Now, understanding ARV begins with a knowledge of the local market, property, and neighborhood. You will need a solid understanding of comps in the neighborhood and the purchase price for those properties to understand what the property would sell for when put on the market following renovations.

Find an inspector

you’ll also need to understand the repair costs — attention to detail and being thorough on this point will play to your favor. Unforeseen damages or repairs can kill a good deal. Don’t gloss over anything, big or small, when it comes to understanding your costs.

Bring in an inspector or a very thorough contractor to evaluate the home and find any hidden damages.

Use a checklist

Walk the property, examining the exterior & interior spaces, plumbing, electrical, and more.  Use a checklist to track things that might need repair.  Work with an inspector to go over your results and make sure that nothing is overlooked on the evaluation.

You can download our checklist here — and actually use it for you deals! 

The 70% Rule Formula

After repair value (ARV) x 70% — estimated repair costs = MAO (maximum allowable offer/max buying price)

Before you get to this stage, you should already have your estimated renovation costs and know the after repair value of the property. Without these, you can’t run the formula.

Let’s play this out with some real numbers:

$193,000 x 0.70 – estimated repair costs = MAO

$193,000 x 0.70 = $135,000

$135,000 – $80,000 in estimated repair costs = $55,100 MAO

This was a real deal and this investor got even better price of $50,000, resulting in $40,000 profit!

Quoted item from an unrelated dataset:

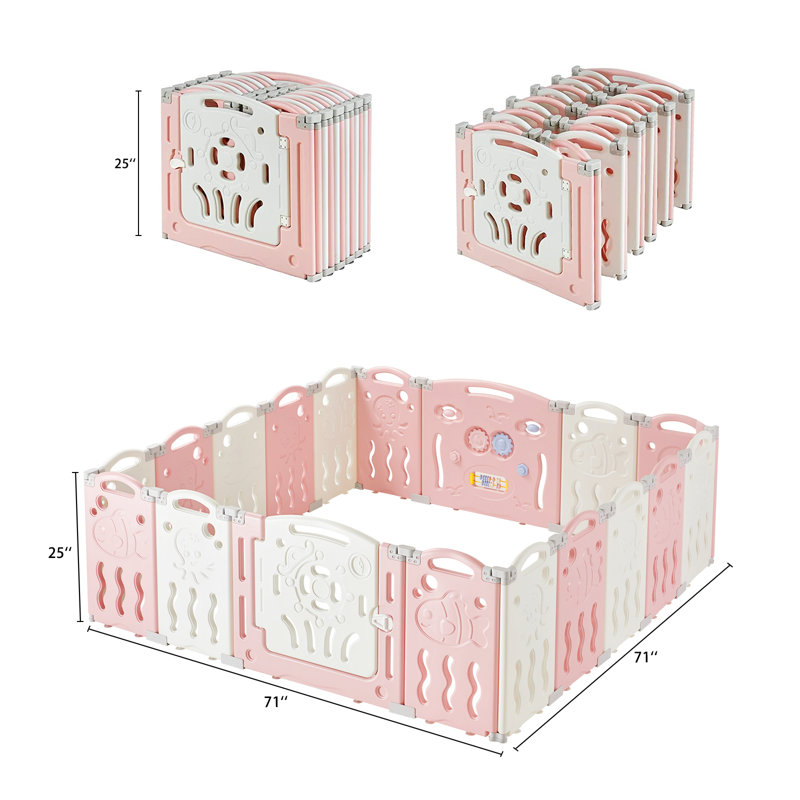Centre d'activités pour enfants avec parc de jeu et barrière de sécurité Brile Albott, H 25 po x l 71 po x P 71 po, Rose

BOOM.

Use detailed analysis when assessing a property's value.Beforeuse a 70 ARV calculator to insure a profit after repairsAfter

Adjustments to the 70% rule in different markets

While the 70% rule is a good guideline to follow with house flipping, it’s important to remember that it is not set in stone. Depending on the market conditions, you may need to adjust your budget and timeline accordingly.

For example, if the market is hot and properties are selling quickly, you may be able to spend more on renovations without sacrificing your profits. However, if the market is slow, you may need to spend less on renovations and/or wait longer for the property to sell.

So, you could calculate your max offer based on a 75% or 80% rule in the formula instead. The 70% rule is a flexible guideline that can be adjusted to fit the current market conditions. So don’t be afraid to experiment a little and see what works best for your area!

Get to know the numbers with the 70% rule

One of the benefits of using the 70% rule when flipping houses is that it helps protect your investment. 

By following this guideline, you are ensuring that you don’t overspend on renovations and that your estimated costs are accurate. This protects you from unexpected expenses that can eat into your profits.

And, by keeping your budget tight, you are less likely to get in over your head with a fix-and-flip. This can help minimize your risk when flipping houses.

So, if you’re looking to flip houses without taking on too much risk, using the 70% rule is a good way to do it!